On August 21, 2012, Fisher Communications signed an affiliation agreement with MundoFox, a Spanish-language competitor to Univision that was owned as a joint venture between Fox International Channels and Colombian broadcaster RCN TV, for KUNP and Seattle sister station KUNS-TV to be carried on both stations as digital subchannels starting in late September. MundoFox would eventually rebrand as MundoMax in 2015 before ending all operations on December 1, 2016.

On April 10, 2013, KUNP, KATU, and Fisher Communications's other holdings were acquired by the Sinclair Broadcast Group. The Federal Communications Commission granted its approval of the deal on August 7, and the sale was completed the following day.

On May 8, 2017, Sinclair Broadcast Group entered into an agreement to acquire Tribune Media—owner of CW affiliate KRCW-TV (channel 32)—for $3.9 billion, plus the assumption of $2.7 billion in debt held by Tribune.
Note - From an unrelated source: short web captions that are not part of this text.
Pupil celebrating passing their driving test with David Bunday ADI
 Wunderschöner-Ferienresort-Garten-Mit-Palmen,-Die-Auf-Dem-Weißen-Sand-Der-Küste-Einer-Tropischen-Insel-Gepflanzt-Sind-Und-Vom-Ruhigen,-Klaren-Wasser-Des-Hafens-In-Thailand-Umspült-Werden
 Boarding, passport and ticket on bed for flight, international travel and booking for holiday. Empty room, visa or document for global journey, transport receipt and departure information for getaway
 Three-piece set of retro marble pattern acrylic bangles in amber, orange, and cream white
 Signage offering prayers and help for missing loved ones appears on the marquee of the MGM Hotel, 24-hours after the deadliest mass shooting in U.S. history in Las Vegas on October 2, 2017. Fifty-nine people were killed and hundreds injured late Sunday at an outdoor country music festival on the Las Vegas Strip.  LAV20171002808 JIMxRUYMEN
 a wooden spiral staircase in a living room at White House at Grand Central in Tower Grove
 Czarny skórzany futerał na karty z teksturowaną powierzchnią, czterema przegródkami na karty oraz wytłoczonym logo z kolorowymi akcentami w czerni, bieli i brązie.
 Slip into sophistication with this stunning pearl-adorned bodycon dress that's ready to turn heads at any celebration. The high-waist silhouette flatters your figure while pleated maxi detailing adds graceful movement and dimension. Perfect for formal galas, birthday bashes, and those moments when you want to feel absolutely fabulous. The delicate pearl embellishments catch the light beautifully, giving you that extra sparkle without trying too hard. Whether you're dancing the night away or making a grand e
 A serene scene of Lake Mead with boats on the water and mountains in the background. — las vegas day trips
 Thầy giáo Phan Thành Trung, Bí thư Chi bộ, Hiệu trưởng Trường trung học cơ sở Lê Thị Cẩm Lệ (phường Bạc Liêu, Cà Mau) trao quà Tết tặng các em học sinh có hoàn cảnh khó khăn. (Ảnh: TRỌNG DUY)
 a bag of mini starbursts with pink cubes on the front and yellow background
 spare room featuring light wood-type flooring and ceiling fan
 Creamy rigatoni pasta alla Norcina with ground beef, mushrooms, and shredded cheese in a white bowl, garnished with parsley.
Sinclair would have been required to sell one of KUNP or KRCW-TV if the deal were to be approved. However, in 2018, the FCC designated the deal for hearing by an administrative law judge; the deal was then terminated by Tribune.

On September 23, 2024, the Portland Trail Blazers announced a new television deal with Sinclair to create the Rip City Television Network. Under the deal, KUNP would begin airing Blazers games in January 2025. On September 26, Sinclair announced that KUNP would drop its Univision affiliation in 2025 to pivot the station to English-language programming, which in turn left the Portland market without a Univision outlet.

==Technical information==
===Subchannels===
The station's signal is multiplexed:

Subchannels of KUNP and KUNP-LD
| Subchannel |  | Res.Tooltip Display resolution | Short name | Programming |
| KUNP | KUNP-LD |
| 16.1 | 47.1 | 1080i | KUNP | Main KUNP programming |
| 16.2 | 47.2 | 480i | TheNest | The Nest |
| 16.3 | 47.3 | Charge | Charge! |
| 16.4 | 47.4 | ROAR | Roar |

===Analog-to-digital conversion===
Since KUNP did not sign on-the-air before the April 21, 1997, deadline for the FCC's digital television allotment plan, the station was not granted a companion digital signal. Therefore, on June 11, 2009, the station turned off its analog signal and turned on a new digital signal (a method known as a "flash cut") on UHF channel 16. KUNP-LP, as a low-power station, continued to broadcast in analog until April 13, 2012, when it made its flash-cut to digital transmission on UHF channel 47 and changing its call sign suffix from "-LP" to "-LD".

===Former translators===
KUNP also previously relayed its signal via analog translator KABH-LP (channel 15) in Bend. KABH was owned by WatchTV, Inc., alongside its crosstown Portland HSN affiliate KORK-CA, but was operated by Sinclair under a local marketing agreement (LMA). KABH-LP was founded on June 1, 1992, as K15DO, but did not take to the air until November 3, 1993. KABH's license was canceled by the FCC on March 19, 2015, for failure to file a license renewal application.

At one point, KUNP also had KKEI-CA as another translator prior to the Fisher acquisition. That station is now a Telemundo affiliate owned by WatchTV, Inc., which owned the now-defunct KABH-LP.